Finally, after estimating \mathbf{\beta}_0 by minimising (1), we address the estimation of the nonlinear function m(\cdot). For this, we again employ the kernel procedure with Nadaraya-Watson weights to smooth the partial residuals Y_i - \mathbf{Z}_i^{\top}\widehat{\mathbf{\beta}}.

For further details on the estimation procedure of the sparse SFPLM, see Aneiros et al. (2015).

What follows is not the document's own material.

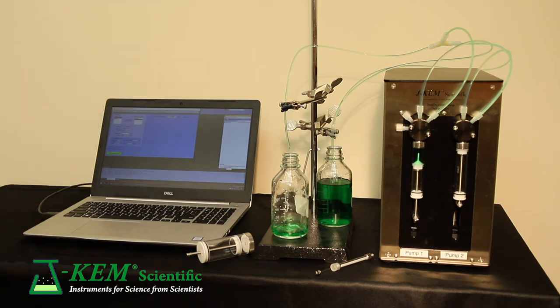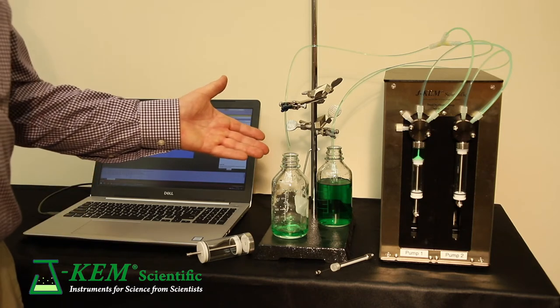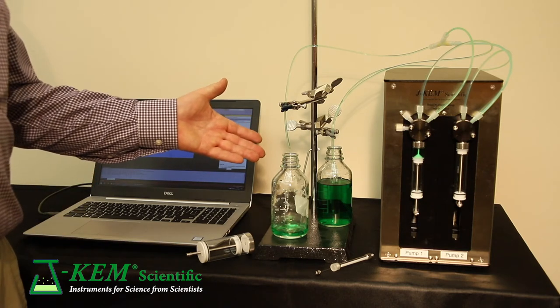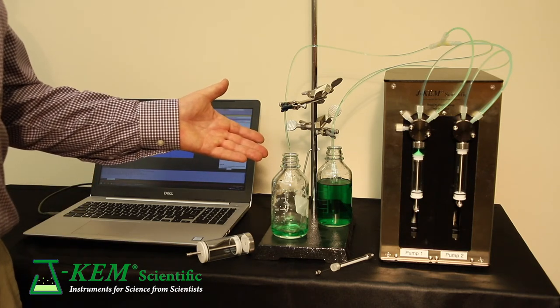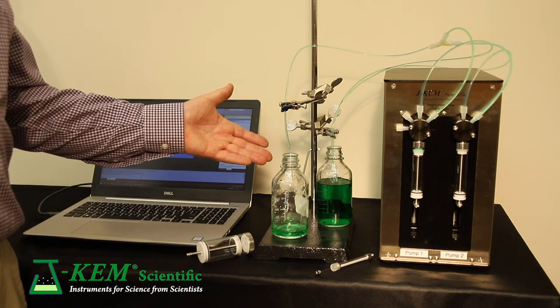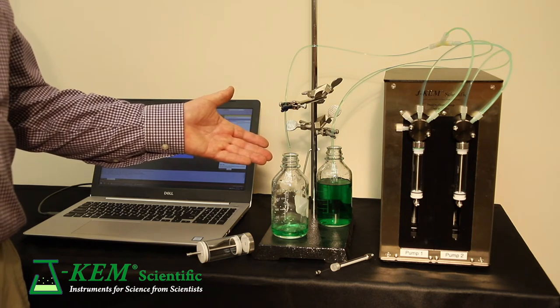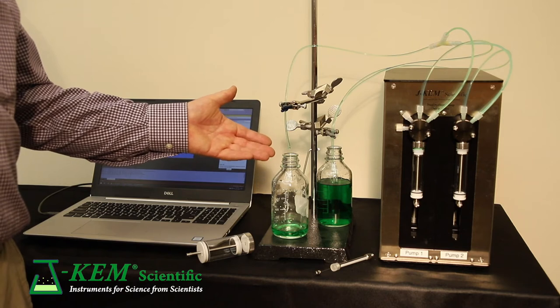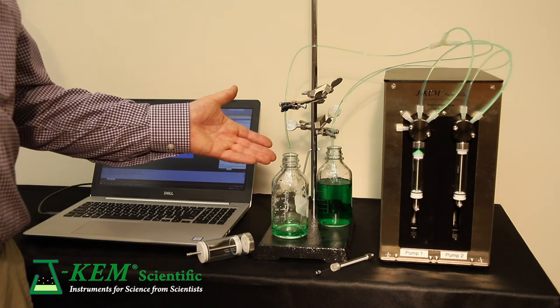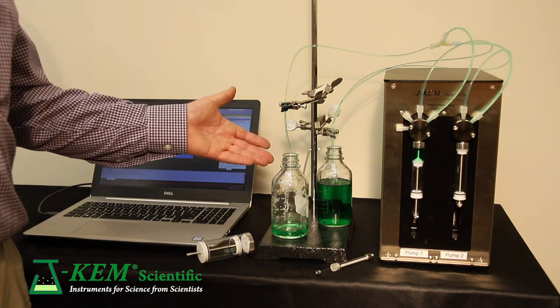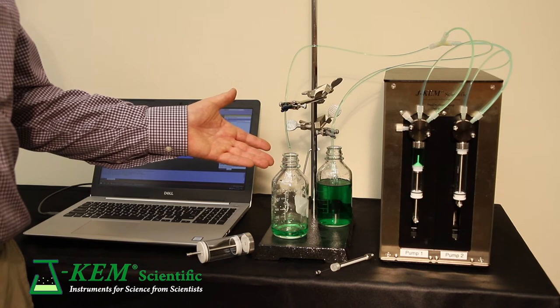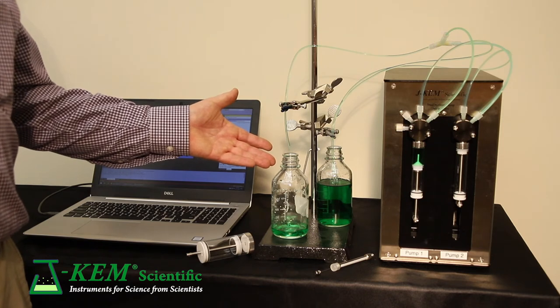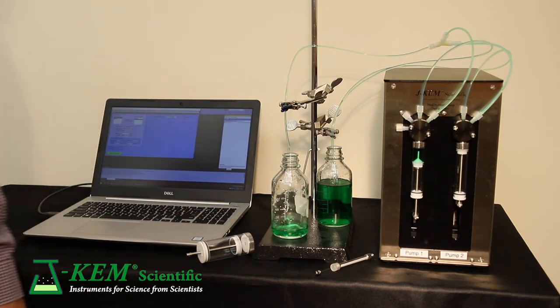But watch what happens when it needs to refill again. Right now it is dispensing at the requested rate of 10 milliliters a minute. But when it needs to refill, the dispense will stop because there's only one syringe. Once it's full, it will resume its delivery.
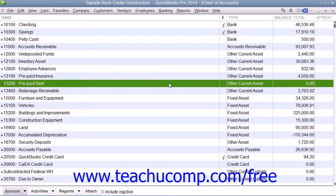If you are using the accrual accounting method, then you must attribute expense to the period it is incurred, not when you actually pay it. So you would not want to simply write a check for the next 6 months worth of rent and then attribute the entire amount to the rent expense account for the month in which you wrote the check, as that will not accurately reflect when the rent expense is actually being incurred.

Remark: It should be noted that if we set lambda.seq to 0, we can obtain the non-penalised estimation of the model, i.e. the OLS estimation. Using lambda.seq with a value \not= 0 is advisable when suspecting the presence of irrelevant variables.

Value

`call`	The matched call.
`fitted.values`	Estimated scalar response.
`residuals`	Differences between `y` and the `fitted.values`.
`beta.est`	Estimate of `\beta_0` when the optimal tuning parameters `lambda.opt`, `h.opt` and `vn.opt` are used.
`indexes.beta.nonnull`	Indexes of the non-zero `\hat{\beta_{j}}`.
`h.opt`	Selected bandwidth.
`lambda.opt`	Selected value of lambda.
`IC`	Value of the criterion function considered to select `lambda.opt`, `h.opt` and `vn.opt`.
`h.min.opt.max.mopt`	`h.opt=h.min.opt.max.mopt[2]` (used by `beta.est`) was seeked between `h.min.opt.max.mopt[1]` and `h.min.opt.max.mopt[3]`.
`vn.opt`	Selected value of `vn`.
`...`

Author(s)

German Aneiros Perez german.aneiros@udc.es

Silvia Novo Diaz snovo@est-econ.uc3m.es

References

Aneiros, G., Ferraty, F., Vieu, P. (2015) Variable selection in partial linear regression with functional covariate. Statistics, 49, 1322–1347, doi:10.1080/02331888.2014.998675.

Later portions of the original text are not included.